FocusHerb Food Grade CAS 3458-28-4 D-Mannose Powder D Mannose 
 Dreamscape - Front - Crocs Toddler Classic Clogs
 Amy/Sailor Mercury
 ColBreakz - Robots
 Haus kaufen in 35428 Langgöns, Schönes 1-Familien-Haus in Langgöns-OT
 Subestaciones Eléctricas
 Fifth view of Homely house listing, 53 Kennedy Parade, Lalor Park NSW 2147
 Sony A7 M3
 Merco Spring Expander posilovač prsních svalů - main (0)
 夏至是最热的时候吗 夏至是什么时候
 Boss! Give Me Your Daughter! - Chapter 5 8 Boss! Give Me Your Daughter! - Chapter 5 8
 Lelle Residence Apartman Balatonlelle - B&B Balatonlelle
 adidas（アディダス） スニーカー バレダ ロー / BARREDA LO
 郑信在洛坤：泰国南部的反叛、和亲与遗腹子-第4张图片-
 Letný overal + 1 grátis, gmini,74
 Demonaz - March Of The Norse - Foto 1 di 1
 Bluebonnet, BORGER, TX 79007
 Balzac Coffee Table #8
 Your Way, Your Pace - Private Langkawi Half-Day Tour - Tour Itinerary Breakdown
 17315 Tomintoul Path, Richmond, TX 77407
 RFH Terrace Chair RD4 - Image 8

+++

> _Work instructions_:
Make a copy of each line in the records above that has the word "Your".

> _Expected output_:
 Boss! Give Me Your Daughter! - Chapter 5 8 Boss! Give Me Your Daughter! - Chapter 5 8
 Your Way, Your Pace - Private Langkawi Half-Day Tour - Tour Itinerary Breakdown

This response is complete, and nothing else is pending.